Tuesday, October 27, 2009

A Hurried Picnic

Every day on our recent holiday Lib and I had picnic lunch. It's what we love to do. The Alice Pink Desert Botanical Gardens, Ormiston Gorge, Trephina Gorge, Uluru, and King's Canyon were some of the venues, but it is the one we had last Friday in the dry bed of the Todd river in Alice Springs that is the subject of this post.

We'd got to know our way around by then. It was a hot day, about 36C. We pulled in to the shade of a red gum tree in 'Rotary Park' near Heavitree Gap looking for a table and chair.

"There doesn't seem to be a table," Lib said.

"There has to be. That's what the Rotary Club does in parks. Yes, there's one further on. See it? But the shade's better here. Let's eat from the back of the car."

An olive green Range Rover had followed our Hyundai Getz hire car into the park and was stopped about thirty metres away adjacent to us. An aboriginal woman got out and walked off by herself in the direction of the table and chair which was about 70 or 80 metres along.

"I wonder why she's walking off alone and leaving her car windows open," Lib commented.

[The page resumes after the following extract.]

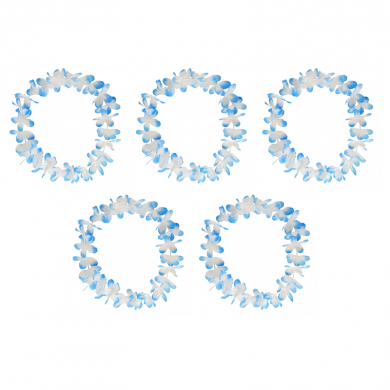 Ожерелье гавайское "Двухцветное", цвет бело-голубой (Набор 5 шт.)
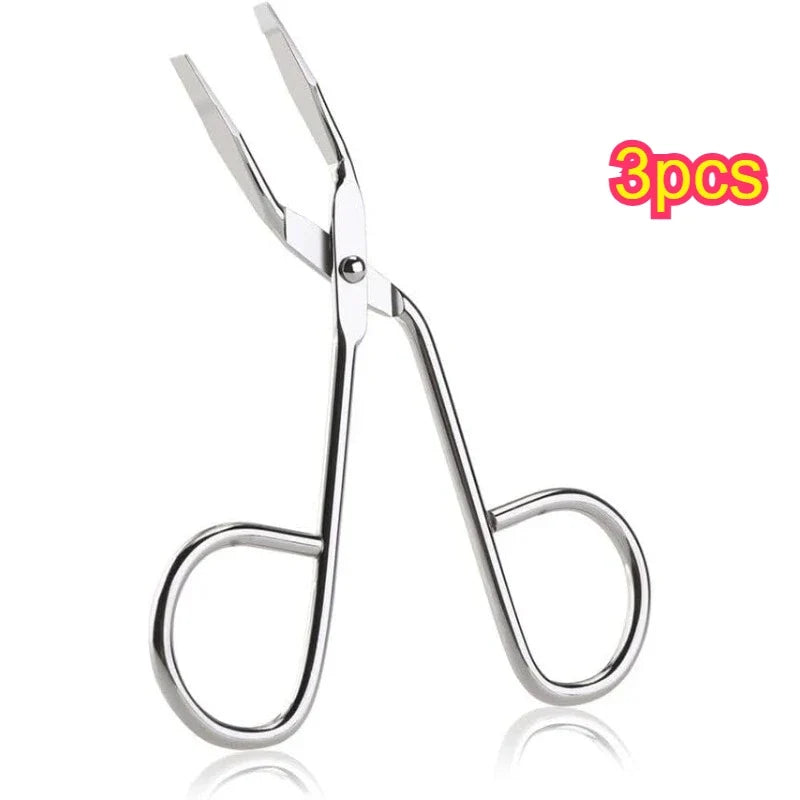 Stainless Steel Eyebrow Scissors & Flat Tip Tweezers Set Eyebrow Grooming Set Qme 3pcs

We went to the boot and made up a sandwich of salami, cheese, tomato and cucumber in sliced wholemeal bread after quaffing on bottled water. The aboriginal lady was standing by herself about 100 metres away. We sat in the front of the car with our doors open enjoying the sandwich.

Lib said, "She must be waiting for.... Geez, he just punched her."

I looked in the direction of the aboriginal woman just in time to see an aboriginal man throw a second punch, not a king hit but a cuffing round arm to her head. It looked like his fist was clenched. She didn't cry out or scream, fall, or run, and hardly flinched as she kept walking back towards her car. The man ran ahead of her and when he got about thirty metres away from the car he picked up a jagged rock the size of an orange and hurled it at the Range Rover. Bang. It landed flush on the bonnet. The man keep running to the car and opened the door, grabbing clothing and chucking it onto the ground.

By this time I'd moved to the back of the Hyundai, quickly eating my sandwich and packing up the picnic. I jumped back in the car and said to Lib, "We're out of here."

"Geez, you ate that quick," said Lib, laughing, and still only halfway through her sandwich.

"Yeah well, we've come this far without a scratch on the car and there's a $330 excess if we get one. And believe me, a punch up in the heat at my age with an angry aborigine on the bank of the Todd River is the last thing I'm after."

A quarter of an hour later I was in a newsagency buying a tattslotto ticket when there was a lot of aggro shouting outside. As I came out the same angry man was stomping away about 20 metres ahead of me. He walked straight through the car park, turning right angles at our car and walking the length of it. I was expecting him to lash out with a boot and inflict damage, which I'd fled the park to avoid, in a bizarre twist of bad luck. Relieved I was.